Teacha Dee meets James Bond - 'No Time To Die' Incorporates Rastafari Way
02/26/2021 by Gardy Stein
The new James Bond movie No Time To Die will not only present hot visuals shot in Jamaica, but will also feature a Jamaican artist. As was revealed this week by The Jamaica Gleaner, the song Rastafari Way, written and performed by Teacha Dee, was confirmed to be included in the 25th 007 film set for release on October 2021.
Asked how he feels about this achievement, the singer by the name of Damion Darrel Warren confides: "I can’t believe I am getting the same powerfully happy feeling all over again now that this news is out. I know Sam Gilly and the crew as well as Perfect Giddimani must be feeling the same way."
First released on Perfect's Giddimani Records label in 2016, this fine piece of music (also called The Horn Of Africa Riddim) was recorded by the Austrian House Of Riddim band consisting of Manfred Scheer, Herb Pirker, Parvez Syed, Lorenz Spritzendorfer, Martin Fischer, Markus Hoffmann and Sam Gilly.
The trio of Teacha Dee, Perfect Giddimani and House Of Riddim has worked together on several occasions before, releasing singles and playing on festivals, especially since Teacha Dee made Germany his permanent home (the artist has worked as a teacher in Jamaica before he chose the Rastafari way and focused on his musical career). What is happening now, though, is more than any of them could have imagined in their wildest dreams: "Ever since Sir David Rodigan played Rastafari Way on BBC 1Xtra, the whole team which includes House Of Riddim, Giddimani Records and I were excited and hoping that this song will do great things for us. This is why I even made it the title track of my second studio album in 2017. However, I believe none of us saw this movie placement coming!"
When the visuals of Rastafari Way were ready, Reggaeville premiered the video in August 2016, and by last summer it had reached a respectable 500,000 views - a number that is expected to rise now that the news is out! Considering the positive effects such a deal has for both the participating artists and for the whole Jamaican Reggae industry, it should be made compulsory for movie companies to promote the art and culture of the often exotic regions they film in.
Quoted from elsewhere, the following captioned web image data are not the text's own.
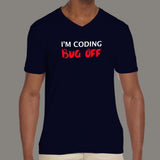 I'm Coding Bug Off Programmer Funny T-shirt For Men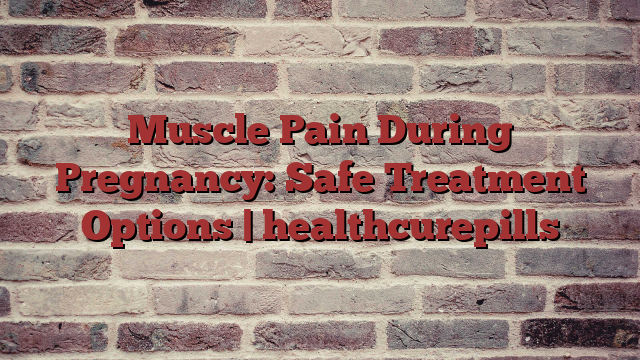 Muscle Pain During Pregnancy: Safe Treatment Options | healthcurepills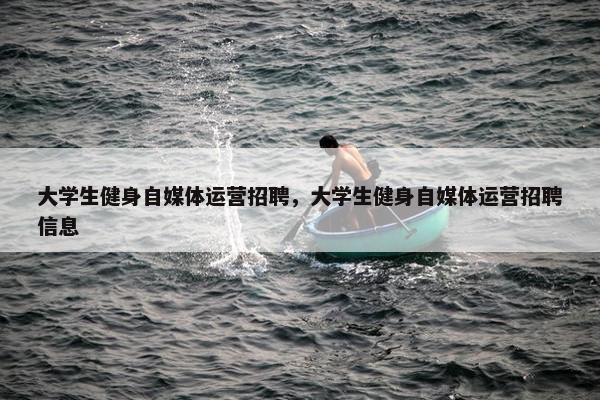 大学生健身自媒体运营招聘，大学生健身自媒体运营招聘信息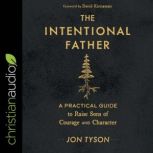 The Intentional Father A Practical Guide to Raise Sons of Courage and Character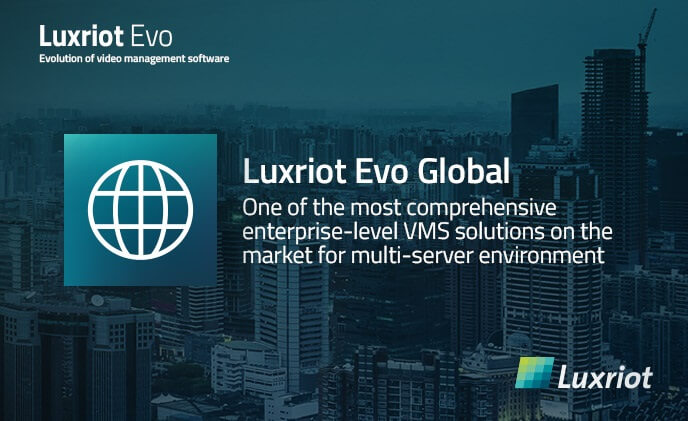 A complete surveillance ecosystem solution with Luxriot EVO Global 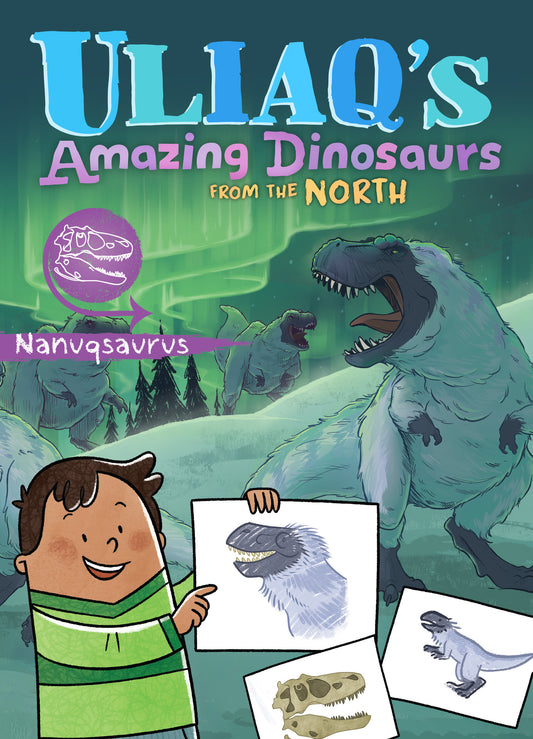 Uliaq's Amazing Dinosaurs from the North: Nanuqsaurus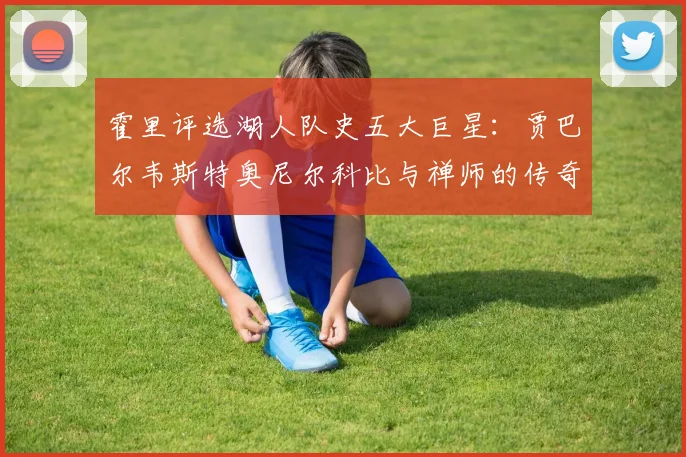 霍里评选湖人队史五大巨星：贾巴尔韦斯特奥尼尔科比与禅师的传奇之路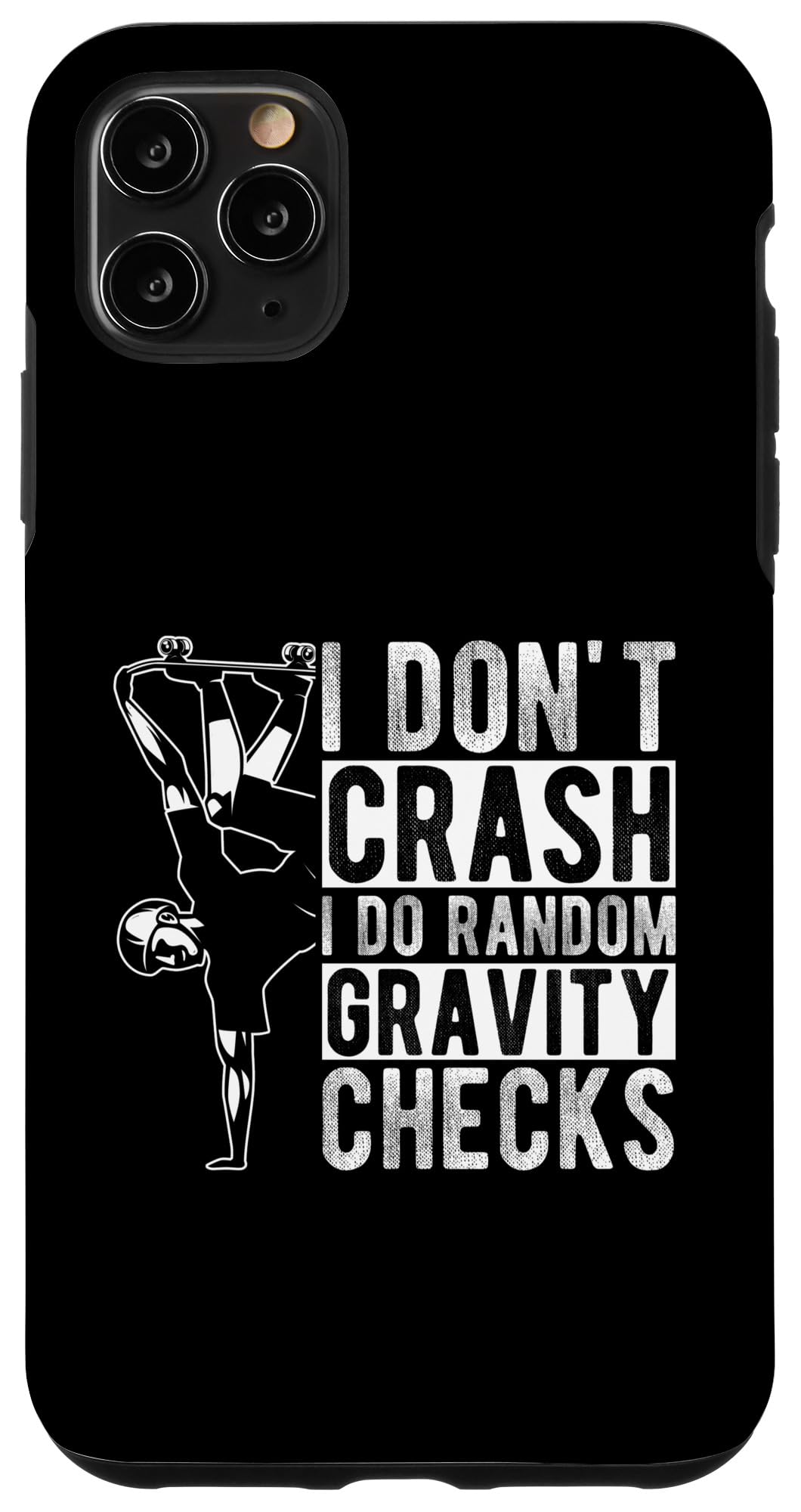 iPhone 11 Pro Max I DON'T CRASH I DO RANDOM GRAVITY CHECKS Case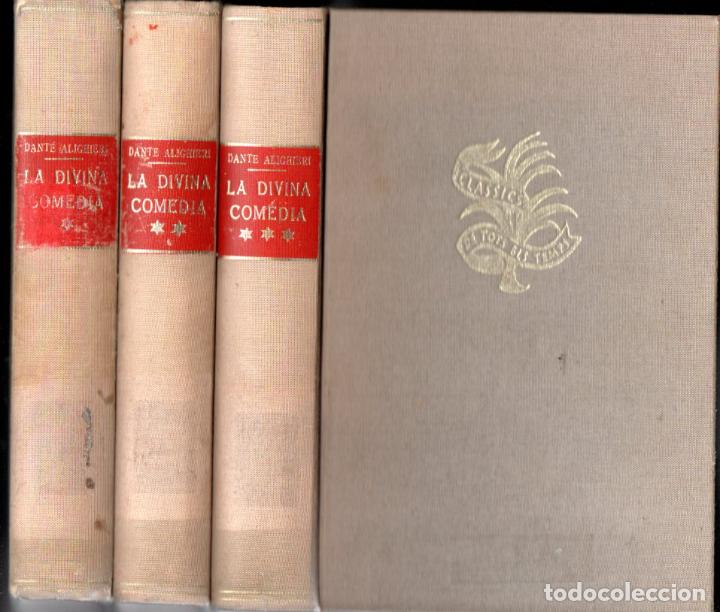 Libros de segunda mano: DANTE : LA DIVINA COMEDIA - TRES VOLUMS (ALPHA, 1950) TRADUCCI&Oacute; CATAL&Agrave; I COMENTARIS J. M&ordf; DE SAGARRA
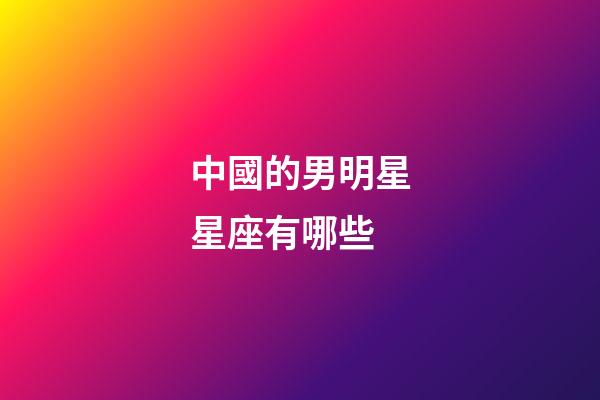 中國的男明星星座有哪些-第1張-星座運(yùn)勢(shì)-玄機(jī)派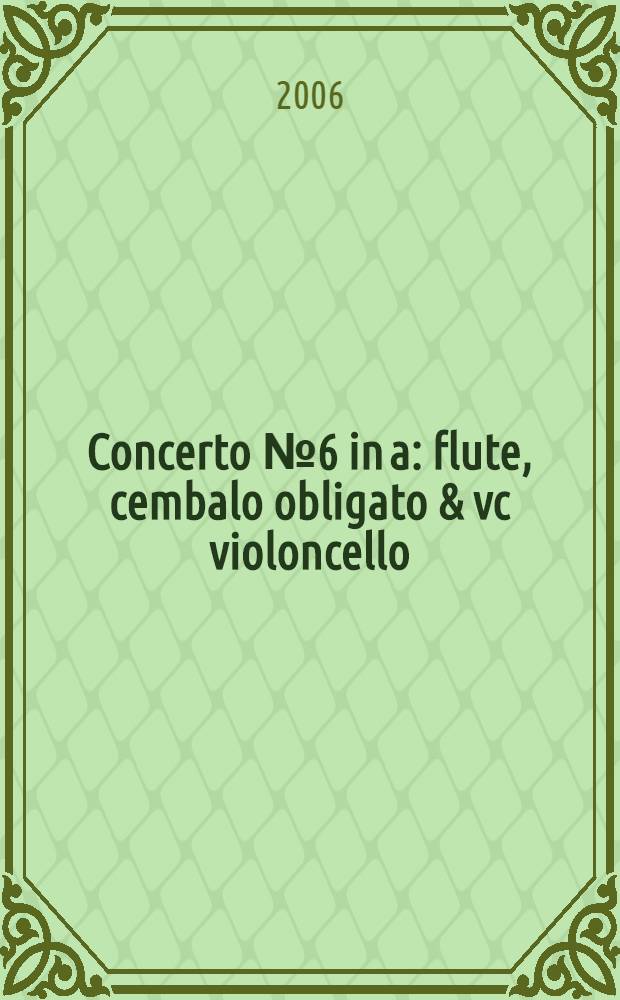 Concerto № 6 in a : flute, cembalo obligato & vc violoncello
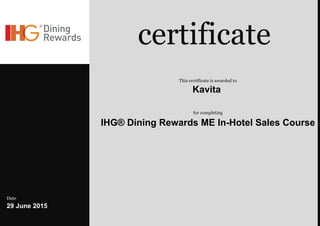 ..
Date
29 June 2015
certificate
This certificate is awarded to
Kavita
for completing
IHG® Dining Rewards ME In-Hotel Sales Course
While we will have to wait a couple of months before we can experience the combined splendour of movie and music, Teacha Dee's gratitude is immediate: "I would like to big up Sam Gilly and the House Of Riddim team, along with Perfect Giddimani and Giddimani Records, as well as all online media houses who have helped us to present the world with this now historic reggae song Rastafari Way."